I’m going to say something that might sound negative at first, but hear me out.
The character writing in Pig Wife relies heavily on tropes and stereotypes. There’s the rebellious teenage protagonist who has no hobbies other than smoking cigarettes and getting into fights. There’s the deadbeat dad who relies on the women in his life to make ends meet. There’s the self-sacrificing mom who denies her own comfort for the sake of her daughter, as well as the selfish mom who literally keeps her children locked in a cage. The inner city is filled with trash and crime, while the countryside is populated by inbred yokels.
Because the reader is already familiar with these character tropes, Pig Wife is able to move at lightning-fast speed. Weighing in at more than five hundred pages, this is a monster of a graphic novel, but it’s entirely possible to read this massive book in one adrenaline-fueled sitting.
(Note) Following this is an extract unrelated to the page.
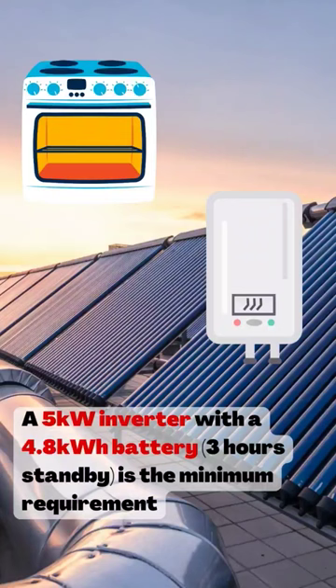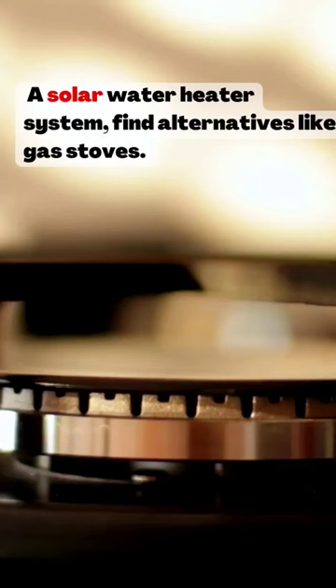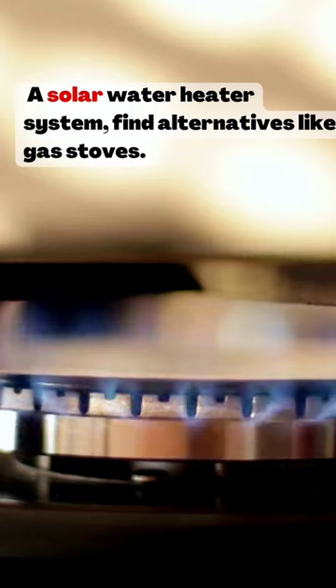If you're trying to keep your lights and some essentials and non-essentials like maybe your toaster, then it's probably best for you to get a 5 kilowatt inverter with a 4.8 kilowatt battery, and getting solar panels can now actually come with great use.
By forgoing the nuances of character, Pig Wife can focus entirely on plot, and the plot is a well-oiled machine that grabs the reader and aggressively drags them down into the tunnels.
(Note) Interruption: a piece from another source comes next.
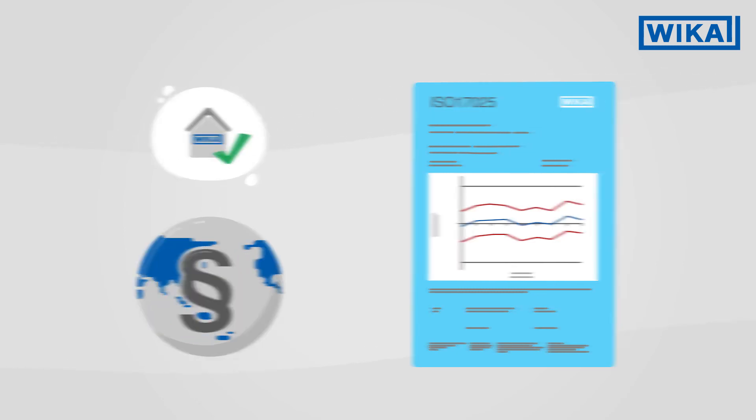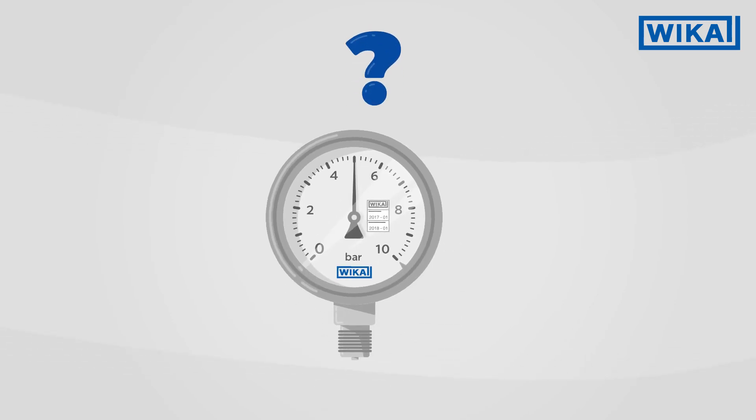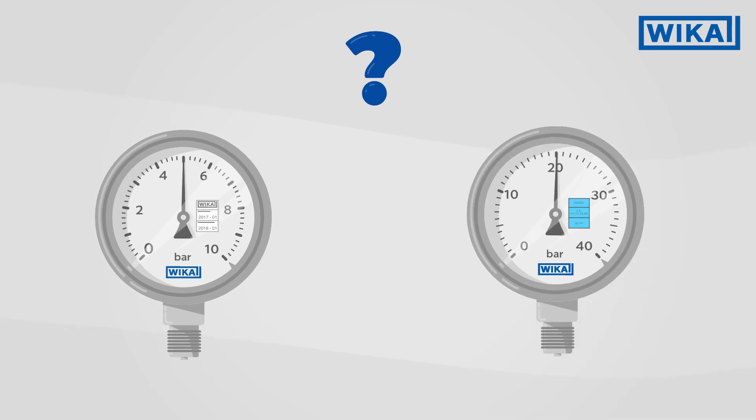When it comes to the question of whether a factory calibration is sufficient for your application, or whether a calibration in accordance with ISO 17025 is appropriate, we will be happy to advise you.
By virtue of the broad strokes of its characterization, Pig Wife is also able to convey the allegorical elements of its scenario. The coming-of-age story in which a young hero embarks on a journey has a universal appeal, but teenage girls (and slightly older girls, if they’re trans) often undergo a separate ascent from innocence to experience that I think of as “climbing out of the pit.” By “the pit,” I mean the everpresent tar pit of internalized sexism and misogyny, which can sometimes feel almost impossible to escape.
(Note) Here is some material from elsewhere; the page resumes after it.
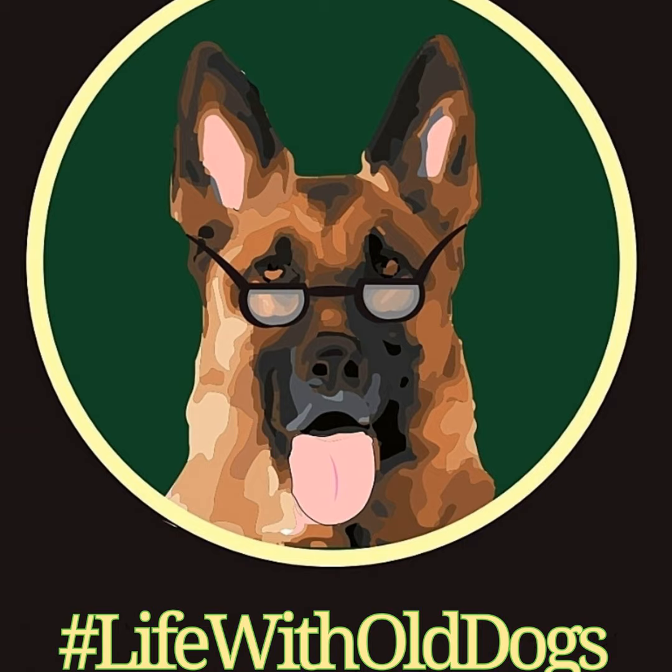This week's episode is being sponsored by the Shepherd Shop. The Shepherd Shop sells German Shepherd and dog-related merchandise, as well as one-of-a-kind Woody's Place merchandise with proceeds supporting Woody's Place Senior German Shepherd Sanctuary. To check out the Shepherd Shop and support the sanctuary, head over to www.wpsgss.org/ShepherdShoppe — that's S-H-E-P-H-E-R-D-S-H-O-P-P-E.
The mine tunnels of Pig Wife are as good of a visualization of this pit as any. While she’s underground, Mary must be clever enough to move past Ed, who represents her father’s violence, while also not relying too heavily on Tommy, who represents her father’s passivity. Aunt Pearl embodies the stereotype of adult femininity as overbearing and delusional, while the mysterious “pig wife” that this horrible family keeps behind a locked door is the conception of adult femininity as mindlessly sexual. In order to return to society with a more mature perspective, Mary must leave all of these gendered stereotypes and anxieties in the pit where they belong while finding her own way back outside.
Thankfully, no actual pigs are harmed. Many coming-of-age narratives use the death of an animal as a necessary symbolic sacrifice for the hero, but Pig Wife is a different sort of story. If the pigs don’t get a happy ending, Abbey Luck suggests, then none of us do.
The art of Pig Wife, which was collaboratively created by Abbey Luck and Ruka Bravo, is distinctively stylized yet conveys the action effectively while basking in the strangeness of the setting. While Luck has produced animation for studios like Disney and Comedy Central, Bravo writes that she’s inspired by the coziness and warmth of Studio Ghibli. Although the opening pages of Pig Wife aim for a grittiness reminiscent of photocopied punk zines from an earlier decade, the art eventually settles into a more comfortable style that conveys the charm of the subterranean world, as well as the disquieting appeal of its inhabitants.
There’s a lot to unpack and meditate on in Pig Wife, which invites close reading and discussion. That being said, this graphic novel works remarkably well as Hollywood-style entertainment that invites readers on a roller coaster ride through a uniquely disturbing haunted house. Regardless of gender, we all have a teenage weird girl trapped in our hearts, and it can feel immensely cathartic to indulge in her dark fantasies before setting her free.
Pig Wife is available from Top Shelf Productions.